Give Ms. Armstrong partial credit, and please sign her charter. It's not disloyal, Randians, to live for the sake of one another as well as for ourselves.

Monday, December 7, 2009

blue marble

This date is normally commemorated "in infamy," but it deserves to be celebrated for a relatively-unsung photograph that has the power to transform consciousness and expand identity. "It was on this day in 1972 that astronauts on the Apollo 17 spacecraft took a famous photograph of the Earth, a photo that came to be known as "The Blue Marble." Photographs of the Earth from space were relatively new at this time.

On Christmas Eve of 1968, the astronauts on the Apollo 8 mission, orbiting the moon, took a photo with the gray, craggy surface of the moon in the foreground and the bright blue Earth coming up behind, only half of it visible.
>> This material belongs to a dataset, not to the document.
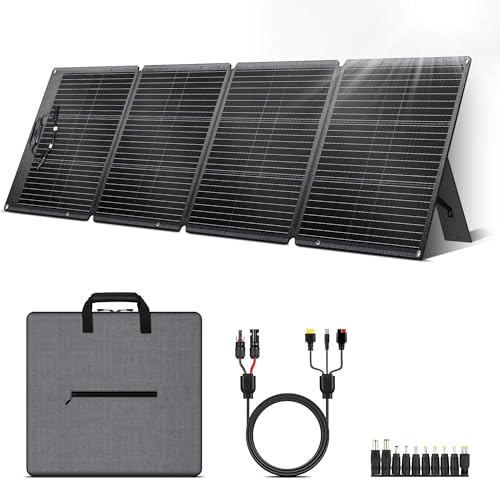 Image of CTOLITY 200W Portable Solar Panel, ETFE Foldable Solar Panel Charger with Kickstands 23.7% High Efficiency IP68 Waterproof for Hiking Camping Power Station RV Outdoor Home Backup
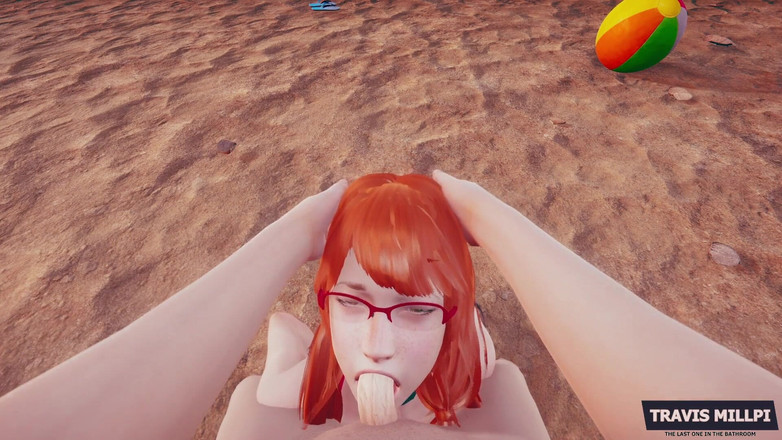 TravisMillpi: День пляжа: Обнаженный пляж с рыжей сводной сестрой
That photo was called "Earthrise," and it really shook people up because it made the Earth look so fragile, and because the photo was taken by actual people, not just a satellite.

And on this day in 1972, the crew of Apollo 17 took another photograph, not only one of the most famous images of the Earth but one of the most widely distributed photos ever taken. It's known as "The Blue Marble" because that's how the Earth looked to the astronauts. It was the first clear photo of the Earth, because the sun was at the astronauts' back, and so the planet appears lit up and you can distinctly see blue, white, brown, even green. It became a symbol of the environmental movement of the 1970s, and it's the image that gets put on flags, T-shirts, bumper stickers, and posters.

The crew of Apollo 17 was about 28,000 miles away from Earth when they took the Blue Marble photo. It was the last time that astronauts, not robots, were on a lunar mission — since then, no people have gotten far enough away from the Earth to take a photo like it." Writer's Almanac

POSTSCRIPT. Spaceship Earth was a nice hook for several class discussions today, including Alex's report on the brutalizing impact of war on "nice" people. Carl Sagan observed years ago that the view from out there reinforces a simple but transformative truth: we are one species... "we are all connected." The humiliation, torture, and murder of prisoners and civilians based on the premise of their sub-humanity would make no sense at all to an extraterrestrial observer, and it should be intolerable to all of us. It should also disincline us to consider any philosophy of egoism whose rallying cry is to never live for the sake of another (the topic of Seth's report on Ayn Rand's "objectivism.") And we already have so little regard for our fellow humans, the thought of how we'd react to visiting extraterrestrials is frightening. Winston's report on that very question was provocative, in my case of a long-forgotten "Twilight Zone" nightmare that I have to believe is pure sci-fi. The aliens are bound to be more "civilized" than this, if they ever decide to visit our place. (More to the point: Would we be, were we ever to drop in on them?)


Wednesday, October 28, 2009

altruism

No such thing as a selfless good deed, just because it makes you feel good? Nonsense! Friends should not let friends philosophize egoistically... or Objectivistically, like Ayn Rand.